Data extract:
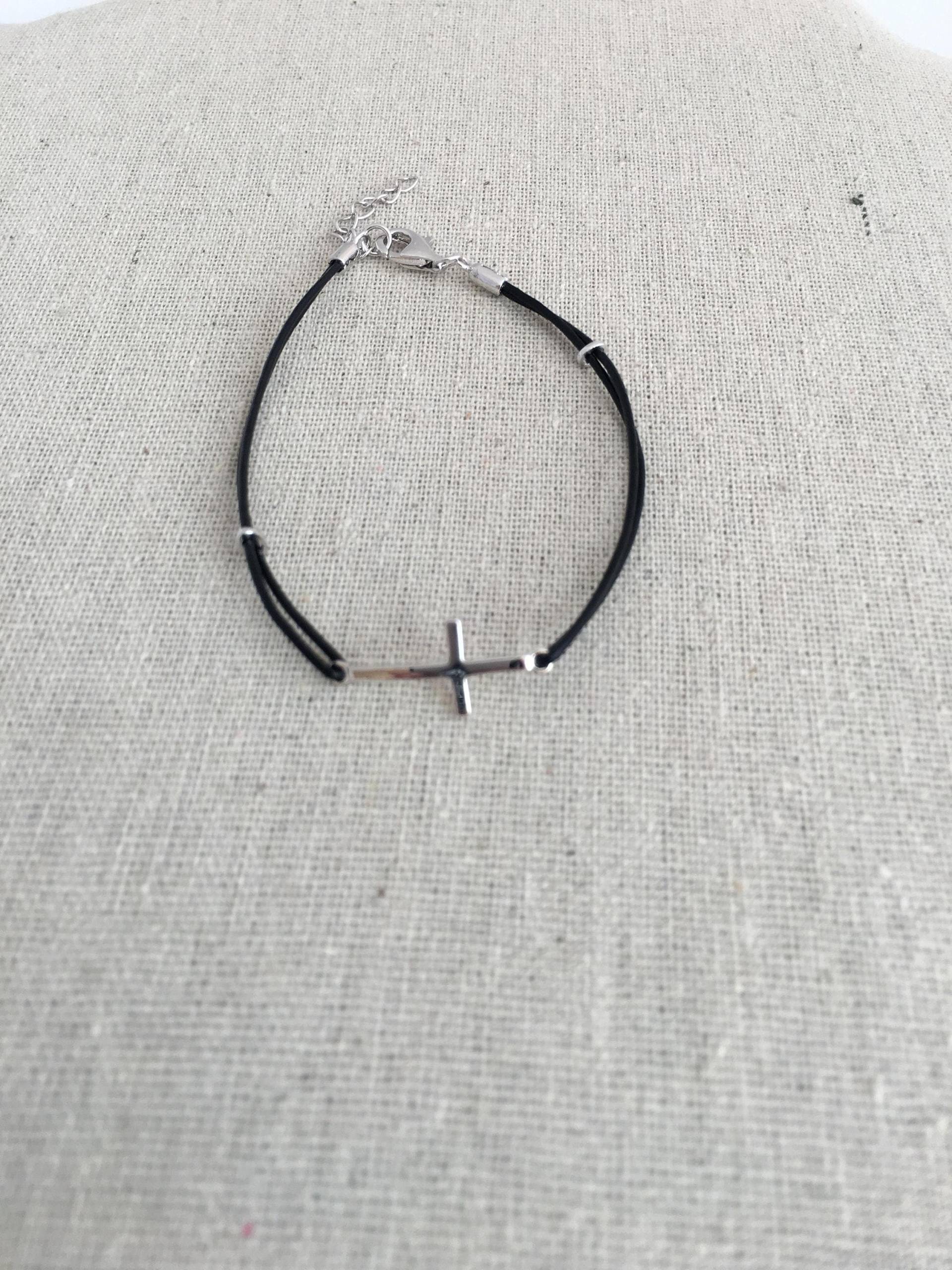 Seitliches Kreuz Schwarze Lederschnur Mit Silberkreuz Und Karabinerverschluss Perfektes Geschenk Für Männer Größe 17 cm Verstellbar Bis 20 Seitliches Kreuz Schwarze Lederschnur Mit Silberkreuz Und Karabinerverschluss Perfektes Geschenk Für Männer Größe 17 cm Verstellbar Bis 20 von AshleyKDesigns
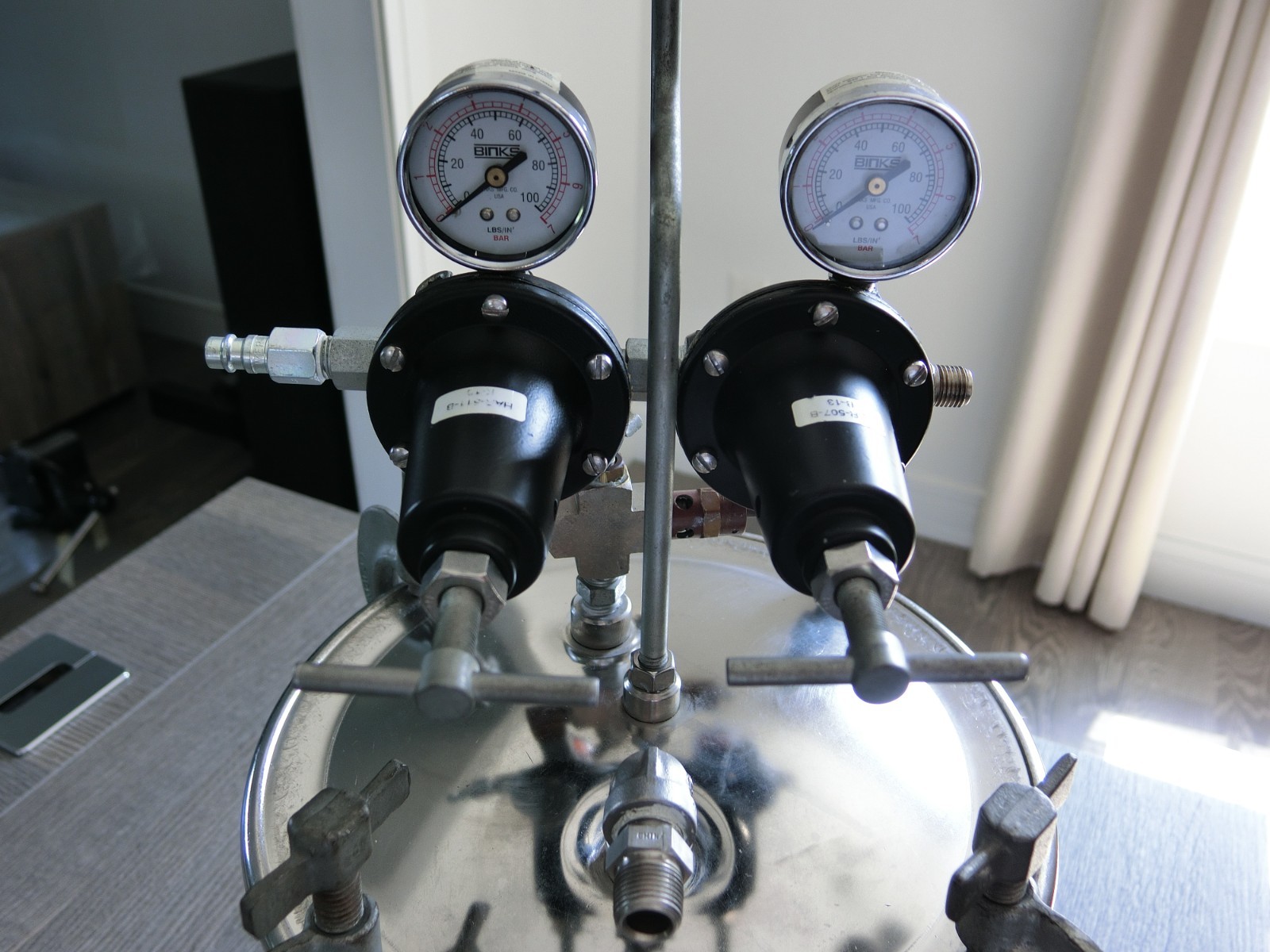 BINKS Pressure Pot Paint Tank 2.8 Gallon with Hoses and DeVilbiss JGA-510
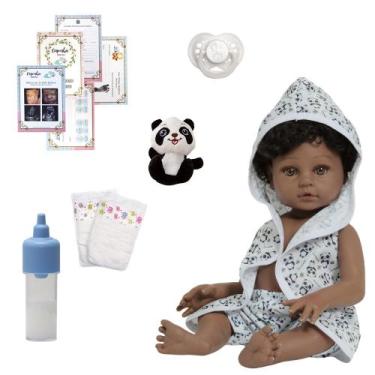Imagem de Bebê Reborn Masculino Cabelo Enrolado Roupão Panda e Itens - Cegonha R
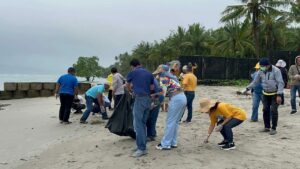 Bersih-Bersih Pantai dan Family Gathering dalam rangka Pasca HANI 2024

Task description:
Starting with the line that contains "Imagem de Bebê" and ending with the last line of the material, every line must be written out exactly; no other lines and no pictures are wanted.

Task answer:
Imagem de Bebê Reborn Masculino Cabelo Enrolado Roupão Panda e Itens - Cegonha R
 Bersih-Bersih Pantai dan Family Gathering dalam rangka Pasca HANI 2024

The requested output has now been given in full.